Work item:
Work through the lines of the material below, note those with the word "Three", and give their number, nothing else.

Supplied information:
——————————
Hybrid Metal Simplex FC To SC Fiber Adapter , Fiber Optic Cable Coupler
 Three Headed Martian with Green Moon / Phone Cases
——————————
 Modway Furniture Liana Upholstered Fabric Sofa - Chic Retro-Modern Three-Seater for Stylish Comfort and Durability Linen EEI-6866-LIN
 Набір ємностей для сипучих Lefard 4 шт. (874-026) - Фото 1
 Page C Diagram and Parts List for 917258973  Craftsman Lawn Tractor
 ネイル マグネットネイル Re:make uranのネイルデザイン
——————————
Task answer:
2